# NotFittedError (instance is not fitted yet) after invoked cross_validate

## Question:

This is my minimal reproducible example:

```
x = np.array([
[1, 2],
[3, 4],
[5, 6],
[6, 7]
])
y = [1, 0, 0, 1]
model = GaussianNB()
scores = cross_validate(model, x, y, cv=2, scoring=("accuracy"))
model.predict([8,9])
```

What I intended to do is instantiating a Gaussian Naive Bayes Classifier and use sklearn.model_selection.cross_validate for cross validate my model (I am using `cross_validate`

instead of `cross_val_score`

since in my real project I need precision, recall and f1 as well).

I have read in the doc that `cross_validate`

does "evaluate metric(s) by cross-validation and also record fit/score times."

I expected that my `model`

would have been fitted on `x`

(features), `y`

(labels) data but when I invoke `model.predict(.)`

I get:

sklearn.exceptions.NotFittedError: This GaussianNB instance is not fitted yet.

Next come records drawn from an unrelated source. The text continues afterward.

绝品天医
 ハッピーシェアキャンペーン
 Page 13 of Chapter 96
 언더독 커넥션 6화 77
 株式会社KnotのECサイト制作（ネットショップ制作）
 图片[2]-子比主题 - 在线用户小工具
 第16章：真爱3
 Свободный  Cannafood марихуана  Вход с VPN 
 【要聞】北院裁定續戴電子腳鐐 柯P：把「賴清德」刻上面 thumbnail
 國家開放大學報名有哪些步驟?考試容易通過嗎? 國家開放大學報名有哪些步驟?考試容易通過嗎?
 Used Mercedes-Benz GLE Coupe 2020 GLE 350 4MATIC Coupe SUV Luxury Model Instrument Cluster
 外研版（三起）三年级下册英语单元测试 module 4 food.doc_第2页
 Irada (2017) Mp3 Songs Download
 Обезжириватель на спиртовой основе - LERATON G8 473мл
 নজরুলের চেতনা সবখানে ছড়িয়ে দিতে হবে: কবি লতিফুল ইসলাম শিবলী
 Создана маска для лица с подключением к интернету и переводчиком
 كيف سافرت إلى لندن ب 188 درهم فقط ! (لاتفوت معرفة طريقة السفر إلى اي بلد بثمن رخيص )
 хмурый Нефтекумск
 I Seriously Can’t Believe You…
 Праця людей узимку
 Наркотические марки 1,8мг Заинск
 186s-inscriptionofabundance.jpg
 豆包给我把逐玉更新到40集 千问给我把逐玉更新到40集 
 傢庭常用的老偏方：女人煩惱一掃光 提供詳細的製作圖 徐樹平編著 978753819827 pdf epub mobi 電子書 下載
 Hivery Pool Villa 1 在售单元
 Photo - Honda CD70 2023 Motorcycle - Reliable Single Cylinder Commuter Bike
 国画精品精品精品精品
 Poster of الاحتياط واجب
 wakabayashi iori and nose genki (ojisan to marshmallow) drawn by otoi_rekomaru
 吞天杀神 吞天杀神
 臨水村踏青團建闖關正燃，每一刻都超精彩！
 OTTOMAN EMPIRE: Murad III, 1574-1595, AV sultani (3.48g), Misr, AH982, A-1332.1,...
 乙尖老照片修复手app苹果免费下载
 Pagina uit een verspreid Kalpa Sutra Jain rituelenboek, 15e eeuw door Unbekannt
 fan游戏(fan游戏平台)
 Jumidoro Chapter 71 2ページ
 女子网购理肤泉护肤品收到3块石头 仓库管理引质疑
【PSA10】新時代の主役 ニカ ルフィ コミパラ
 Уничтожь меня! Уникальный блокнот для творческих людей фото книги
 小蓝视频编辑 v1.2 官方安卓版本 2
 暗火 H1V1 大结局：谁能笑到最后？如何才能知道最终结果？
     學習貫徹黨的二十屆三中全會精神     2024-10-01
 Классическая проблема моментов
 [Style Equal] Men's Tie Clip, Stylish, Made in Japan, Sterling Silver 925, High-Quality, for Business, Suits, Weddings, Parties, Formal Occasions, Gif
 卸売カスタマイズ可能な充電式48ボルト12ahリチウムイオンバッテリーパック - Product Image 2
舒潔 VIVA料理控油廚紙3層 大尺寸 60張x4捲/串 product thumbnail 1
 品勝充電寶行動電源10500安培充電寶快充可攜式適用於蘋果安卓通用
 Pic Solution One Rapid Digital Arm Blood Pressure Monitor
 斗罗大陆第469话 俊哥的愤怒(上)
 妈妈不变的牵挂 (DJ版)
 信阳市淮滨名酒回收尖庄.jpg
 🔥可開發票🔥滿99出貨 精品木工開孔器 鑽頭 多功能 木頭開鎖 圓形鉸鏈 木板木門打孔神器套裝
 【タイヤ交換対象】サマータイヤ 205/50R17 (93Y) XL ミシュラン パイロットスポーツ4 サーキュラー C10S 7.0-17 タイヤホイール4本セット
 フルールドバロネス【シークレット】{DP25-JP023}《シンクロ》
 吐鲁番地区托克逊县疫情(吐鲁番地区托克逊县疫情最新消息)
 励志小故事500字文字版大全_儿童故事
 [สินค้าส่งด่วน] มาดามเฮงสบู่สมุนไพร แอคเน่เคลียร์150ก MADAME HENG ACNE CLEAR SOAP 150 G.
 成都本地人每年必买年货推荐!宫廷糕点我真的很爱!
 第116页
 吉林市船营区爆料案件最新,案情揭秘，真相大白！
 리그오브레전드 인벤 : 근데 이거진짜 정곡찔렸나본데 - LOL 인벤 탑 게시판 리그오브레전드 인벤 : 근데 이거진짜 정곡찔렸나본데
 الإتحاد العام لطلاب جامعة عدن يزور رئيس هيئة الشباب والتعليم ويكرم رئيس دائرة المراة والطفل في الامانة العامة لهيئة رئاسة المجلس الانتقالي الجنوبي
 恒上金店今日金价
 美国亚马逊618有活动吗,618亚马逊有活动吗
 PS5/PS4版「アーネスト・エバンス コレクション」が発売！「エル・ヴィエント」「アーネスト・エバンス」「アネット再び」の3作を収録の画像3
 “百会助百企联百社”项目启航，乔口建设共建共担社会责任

Call ‘fit’ with appropriate arguments before using this estimator.

Of course it says me about invoking `model.fit(x,y)`

before "using the estimator" (that is before invoking `model.predict(.)`

.

Shouldn’t the model have been fitted `cv=2`

times when I invoke `cross_validate(...)`

?

## Answers:

A close look at `cross_validate`

documentation reveals that it includes an argument:

return_estimator :bool, default=FalseWhether to return the estimators fitted on each split.

So, by default it will not return any fitted estimator (hence it cannot be used to `predict`

).

In order to predict with the fitted estimator(s), you need to set the argument to `True`

; but beware, you will **not** get a *single* fitted model, but a number of models equal to your `cv`

parameter value (here 2):

```
import numpy as np
from sklearn.naive_bayes import GaussianNB
from sklearn.model_selection import cross_validate
x = np.array([
[1, 2],
[3, 4],
[5, 6],
[6, 7]
])
y = [1, 0, 0, 1]
model = GaussianNB()
scores = cross_validate(model, x, y, cv=2, scoring=("accuracy"), return_estimator=True)
scores
# result:
{'fit_time': array([0.00124454, 0.00095725]),
'score_time': array([0.00090432, 0.00054836]),
'estimator': [GaussianNB(), GaussianNB()],
'test_score': array([0.5, 0.5])}
```

So, in order to get predictions from each fitted model, you need:

```
scores['estimator'][0].predict([[8,9]])
# array([1])
scores['estimator'][1].predict([[8,9]])
# array([0])
```

This may look inconvenient, but it is like that by design: `cross_validate`

is generally meant only to return the scores necessary for diagnosis and assessment, not to be used for fitting models which are to be used for predictions.